PPOL 6801 - Text as Data - Computational Linguistics

Week 10: Word Embeddings II

Professor: Tiago Ventura

Plans for Today:

Neural Networks: rely on the idea of self-supervision
- use unlabeled data and use words to predict sequence
- the famous word2vec algorithm
  - Skipgram: predicts context words
  - Continuous Bag of Words: predict center word

Count-based methods: look at how often words co-occur with neighbors.
- Use this matrix, and use some factorization to retrieve vectors for the words
- Fast, not computationally intensive, but not the best representation, because it is not fully local
- This approach is somewhat implemented by the “GloVE” algorithm

We saw ONE way to estimate word vectors with neural networks: Word2Vec
However, at this point in time, we actually do not really use Word2Vec embedding in modern DL
Consider Word2Vec as a general approach of learn dense representation of words via self-supervision.
But… you will have many many many distinct NN architectures doing this.

Count-based methods rely on word co-occurrence to learn embeddings:

Compute Unigram Probabilities: Measure how often each word appears in the corpus
Compute Word Co-occurrences: Count how often words appear together across the entire corpus
Calculate PMI (Pointwise Mutual Information): Measures how much more often two words co-occur than expected by chance

\[ PMI(\text{word}_1, \text{word}_2) = \log \frac{P(\text{word}_1, \text{word}_2)}{P(\text{word}_1) \, P(\text{word}_2)} \]

Construct a Co-occurrence Matrix: Store PMI values in a large word-by-word matrix
Apply Singular Value Decomposition (SVD): Reduce the matrix to extract meaningful lower-dimensional word vectors

SVD is a matrix factorization technique used in linear algebra and data science
Reduces dimensionality by identifying important patterns in data: splits the matrix into fundamental patterns (singular vectors), ranked by importance (singular values)
- Love this youtube video here: https://www.youtube.com/watch?v=vSczTbgc8Rc
Glove algorithm is a variation of this approach.

Let’s discuss now several applications of embeddings on social science papers.
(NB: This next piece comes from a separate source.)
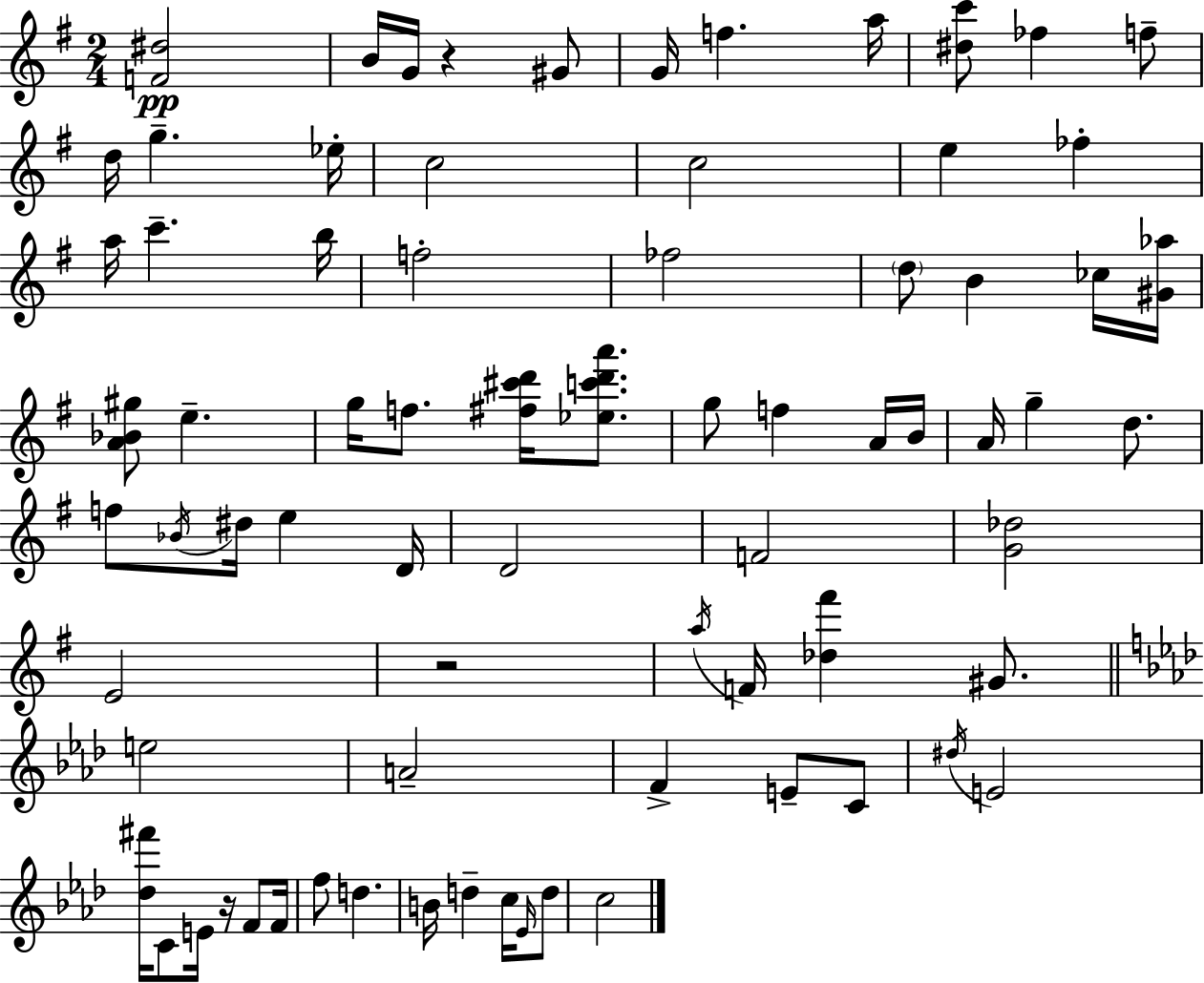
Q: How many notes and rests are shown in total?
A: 75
These paper show:

How to use embeddings to track semantic changes over time
How to use embeddings to measure emotion in political language.
How to use embeddings to measure gender and ethnic stereotypes
And a favorite of political scientists, how to use embeddings to measure ideology.

Work in pairs
Each pair will select one of the five applied papers for this week
Prepare a presentation about this paper for your colleagues (30min)
Your presentation needs to answer three key questions:
- How are word embeddings used?
- What substantive/applied insights are extracted from the embeddings approach?
- Could this be done with non-embeddings methods (any of the things we saw before embeddings)?
Every group will have 5 minutes to present

Rodman, E., 2020. A Timely Intervention: Tracking the Changing Meanings of Political Concepts with Word Vectors. Political Analysis, 28(1), pp.87-111.
Gennaro, Gloria, and Elliott Ash. “Emotion and reason in political language.” The Economic Journal 132, no. 643 (2022): 1037-1059.
Rheault, Ludovic, and Christopher Cochrane. “Word embeddings for the analysis of ideological placement in parliamentary corpora.” Political Analysis 28, no. 1 (2020): 112-133.
Austin C. Kozlowski, Austin C., Matt Taddy, and James A. Evans. 2019. “The Geometry of Culture: Analyzing the Meanings of Class through Word Embeddings.” American Sociological Review 84, no. 5: 905–49.
Garg, Nikhil, Londa Schiebinger, Dan Jurafsky and James Zou. 2018. “Word embeddings quantify 100 years of gender and ethnic stereotypes.” Proceedings of the National Academy of Sciences 115(16):E3635–E3644.